Leberecht hat gut geschlafen, wir schreiben Samstag, den 7.September 2024. Der geistliche Mann hat viele Dinge zu bedenken. Da ist zum ersten die morgige Predigt. Anuschka Cohn wird seine Worte ins Syrisch-Arabische übertragen. Denn sie selber darf nicht predigen. Mulier taceat in ecclesiam. Ist zwar bitter … aber die Frau sagt, sie hätte in ihrem Leben genug gepredigt - meist vor leeren Bänken in irgendwelchen verfallenen Gotteshäusern der Anhaltischen Kirche, die noch nicht mal einen Bischof hat und darauf sogar noch stolz ist. Hier in Kairo bei den Kopten hat sie einen klar abgegrenzten Kompetenzbereich - aber um die Ecke herum gedacht eigentlich alle und alles in der Hand. Ihre theologischen Expertisen sind gefürchtet - damit hält sich die kleine Gemeinde wacker in dem brodelnden Umfeld magisch-orientalischer Religiosität. Seit langem ist hier kein Brüsewitz mehr mit Kanistern auf irgendwelche Obstkisten gestiegen, um den eigenen Worten auf diese oder noch deutlichere Weise Ausdruck zu verleihen. Also - diese Predigt ist das Erste. Dann will Leberecht im Lapisbuch Dankreithers weiterkommen, um sich endlich, endlich den geheimnisvollen Stab herstellen zu können. Warum das? Die Koalitionsverhandlungen in Dresden will Leberecht für sein sächsisches Heimatland günstig beeinflussen. Mit eisernem Stabe sozusagen wird er sie alle weiden! Frage - soll er nun zuerst die Predigt schreiben, oder im Lapis weiterlesen. Kurzerhand entscheidet er sich. Für Letzteres …

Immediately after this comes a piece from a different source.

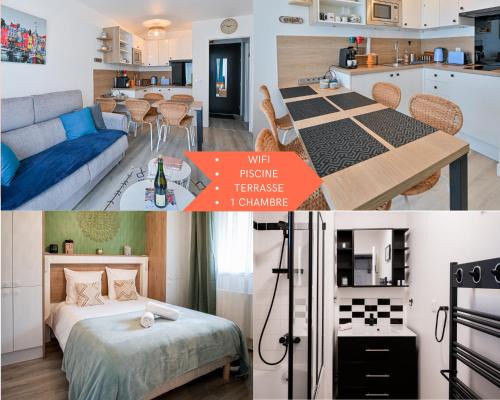 Equemauville Apartamento | Le Casa Délia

Lieber Freund in der Ferne des großen Raumzeit- und Sinnfeldes!
Der Küchenjunge wird Giovanni gerufen, genauso wie Du, Johannes. Ich hätte es mir denken müssen! Aber wir sind ja über das Denken hinaus immer darauf erpicht, das bloß Vermutete dann auch in der sogenannten “Wirklichkeit” tatsächlich bestätigt zu finden. Warum können wir das Gedachte für sich allein nicht auch als wirklich ansehen? Die Reduktion des Wirklichen auf das allein materiell Vorfindliche - das ist ein großer Fehler.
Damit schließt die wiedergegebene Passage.